* _PROBLEM DESCRIPTION_
Could you please output only the lines from the one holding "Шерстяной свитер обычного" through the end of the listing below, exactly as written and without pictures?

★ ★ ★ ★ ★ ★ ★

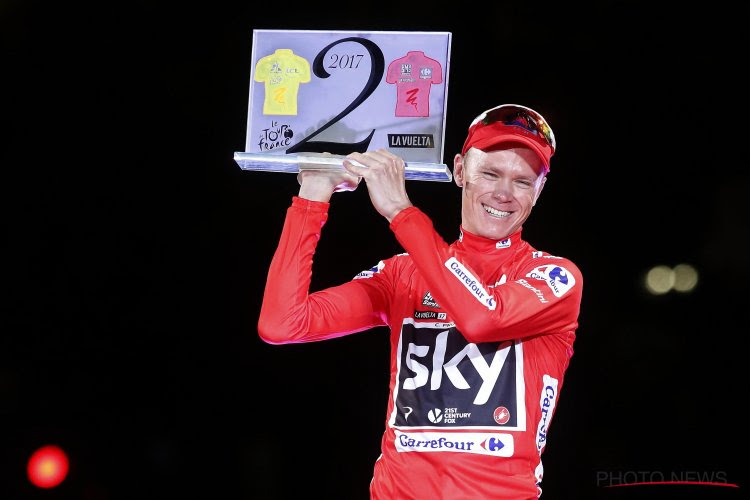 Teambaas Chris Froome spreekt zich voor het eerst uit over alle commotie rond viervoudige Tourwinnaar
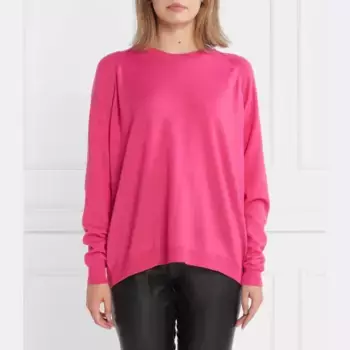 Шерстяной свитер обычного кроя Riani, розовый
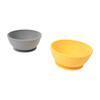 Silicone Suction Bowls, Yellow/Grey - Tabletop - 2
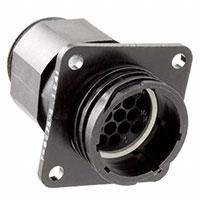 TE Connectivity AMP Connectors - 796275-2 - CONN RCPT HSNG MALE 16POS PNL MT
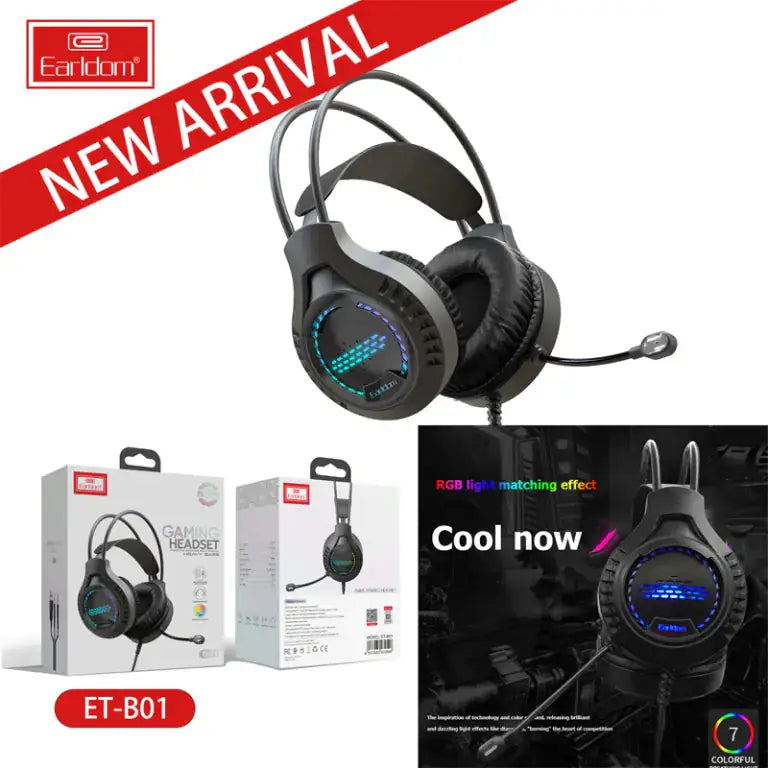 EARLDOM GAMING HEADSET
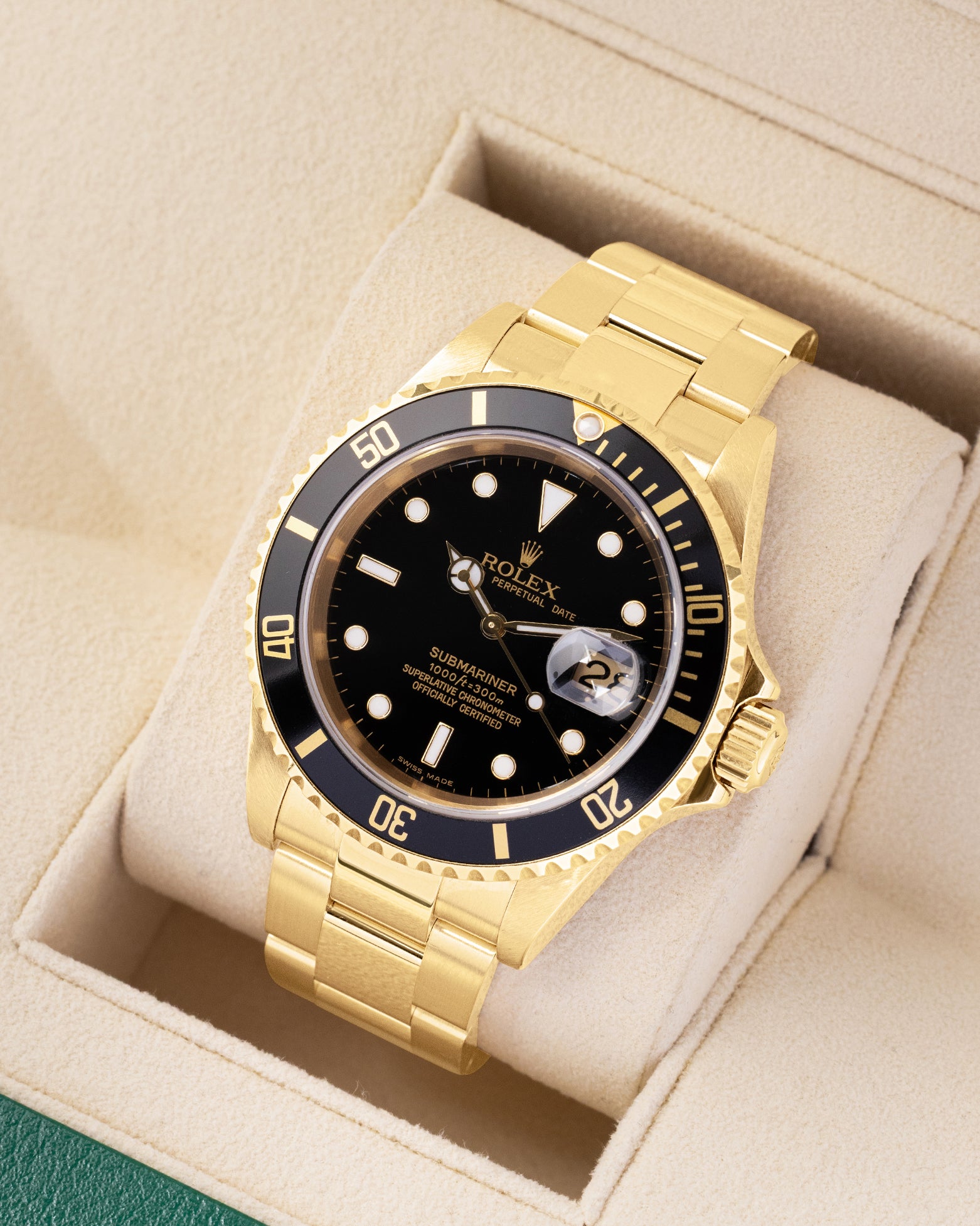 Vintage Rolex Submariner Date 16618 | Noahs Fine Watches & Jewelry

★ ★ ★ ★ ★ ★ ★

* _ANSWER TO THE EXERCISE_
 Шерстяной свитер обычного кроя Riani, розовый
 Silicone Suction Bowls, Yellow/Grey - Tabletop - 2
 TE Connectivity AMP Connectors - 796275-2 - CONN RCPT HSNG MALE 16POS PNL MT
 EARLDOM GAMING HEADSET
 Vintage Rolex Submariner Date 16618 | Noahs Fine Watches & Jewelry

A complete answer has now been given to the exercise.